The case for greater investment in skills and connectivity to address the north's lagging productivity problem is made in PwC's latest economic outlook
Gary McDonald Business Editor

THERE'S a "lucrative prize" for the north's economy if the region can increase its notoriously low productivity, according to PwC's latest UK Economic Outlook.

Productivity levels in Northern Ireland have lagged behind the UK average for many decades, resulting in lower income levels.

But the case for greater investment in skills and connectivity to address what PwC labels ‘the productivity puzzle' is made in its latest outlook, which forecasts that Northern Ireland and the rest of the UK will see subdued economic growth next year.
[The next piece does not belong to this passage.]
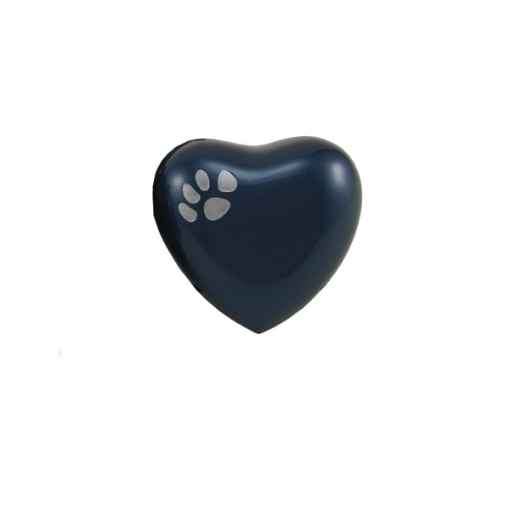 Picture of CREMATION URN Blue/Pewter with Single Paw Heart (J0316MBH)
It predicts that the north will deliver a below-average performance in 2020, with growth estimated at 0.8 per cent, down from 1.0 per cent this year. The UK average is projected to see a similar fall from 1.2 per cent in 2019 to 1.0 per cent in 2020.

UK economic growth has been stagnating, particularly since the financial crisis, despite record low levels of unemployment.

As well as the Brexit-related uncertainties and the impact on investment, the report considers other reasons for this by comparing the UK's lagging productivity levels with other European and G7 countries, as well as regional differences, to identify solutions.

The report shows that UK GDP could be boosted by 4 per cent - or £83 billion - if regions with below-average productivity levels could make up even half of the gap.

Official government statistics show that although Northern Ireland has had record levels of employment (72.3 per cent), labour productivity fell by 0.5 per cent in quarter two compared with the same in the previous year. It followed two consecutive periods of zero growth and there was no growth in output per job during the same period.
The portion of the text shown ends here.